* Work item
For the listing that follows, give again exactly the lines from the one with "car, rusty - Square" to the one with "KB: BRIGHT FL", including both.

* Extracted material
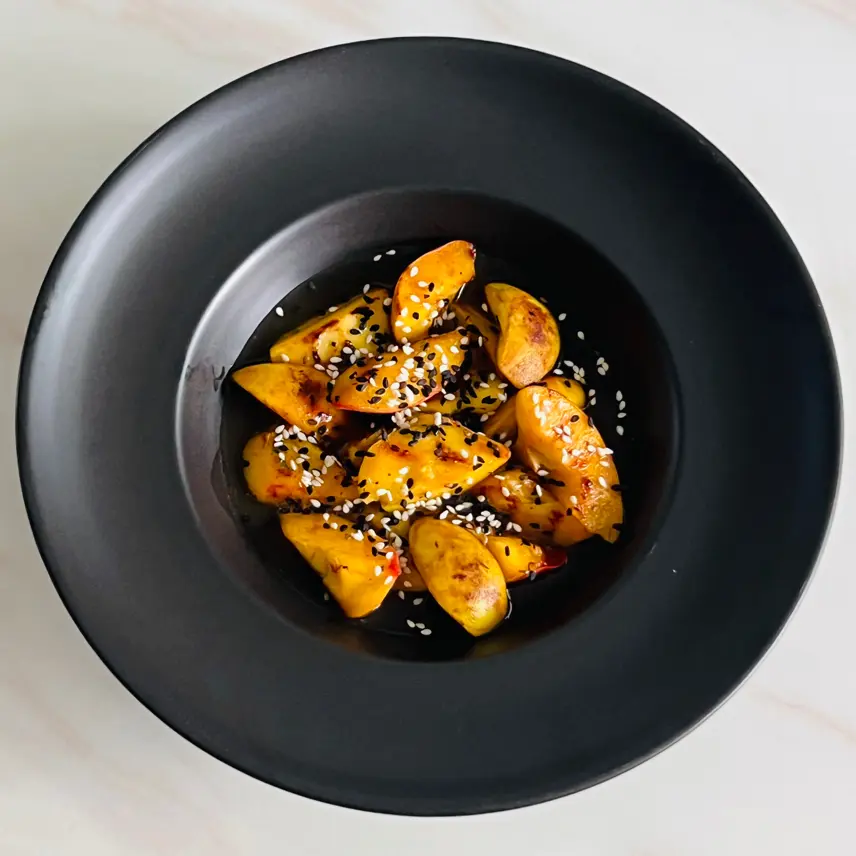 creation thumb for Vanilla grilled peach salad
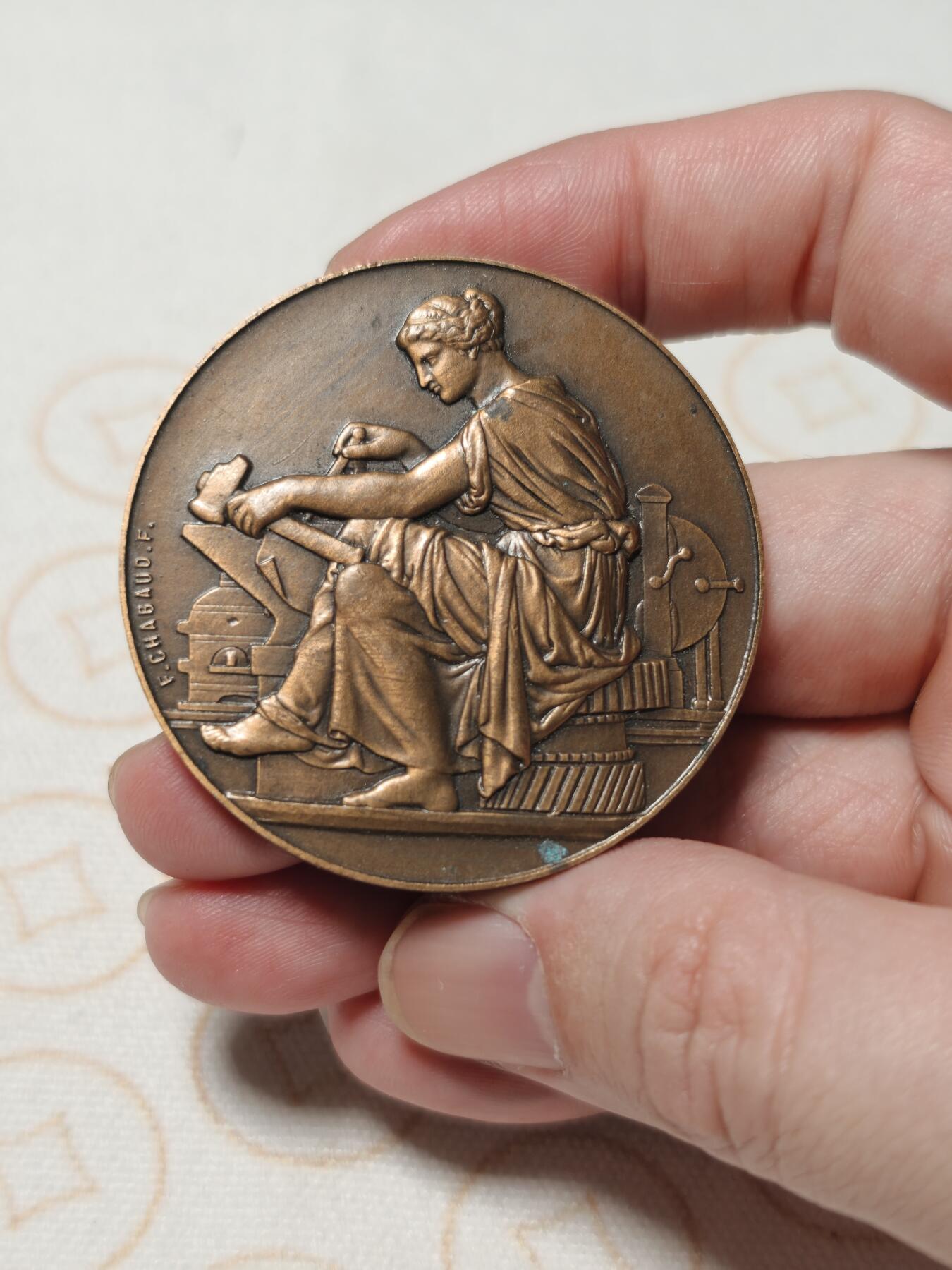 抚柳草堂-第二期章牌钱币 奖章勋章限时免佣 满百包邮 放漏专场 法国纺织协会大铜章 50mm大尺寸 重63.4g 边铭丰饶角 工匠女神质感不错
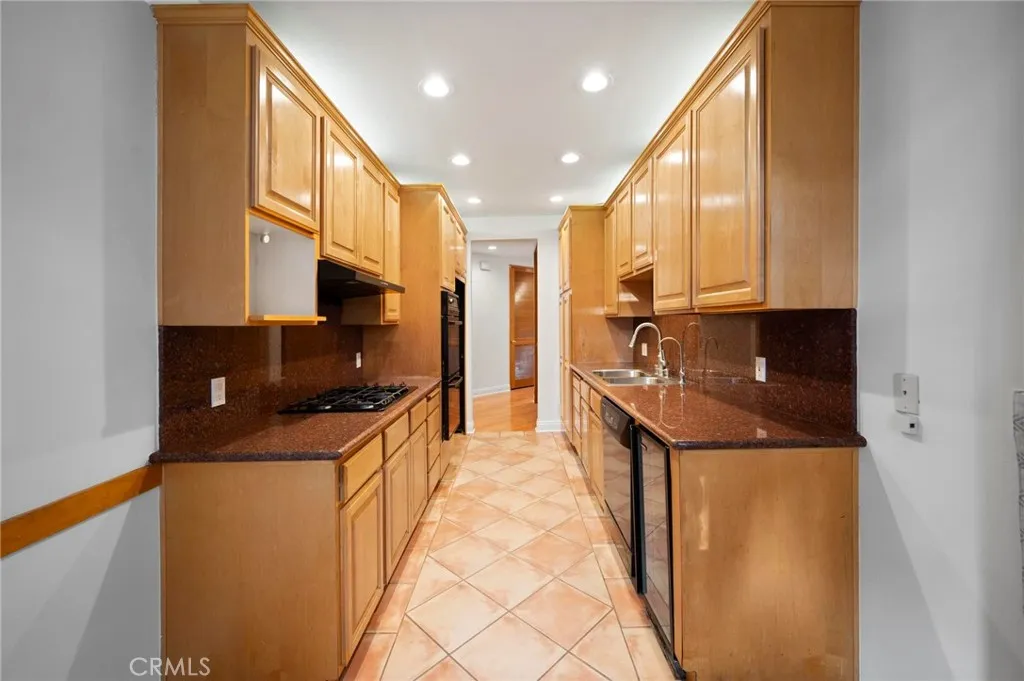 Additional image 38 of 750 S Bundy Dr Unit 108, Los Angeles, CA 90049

--

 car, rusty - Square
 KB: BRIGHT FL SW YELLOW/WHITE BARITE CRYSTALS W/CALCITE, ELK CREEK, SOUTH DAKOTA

* Answer to this problem
 car, rusty - Square
 KB: BRIGHT FL SW YELLOW/WHITE BARITE CRYSTALS W/CALCITE, ELK CREEK, SOUTH DAKOTA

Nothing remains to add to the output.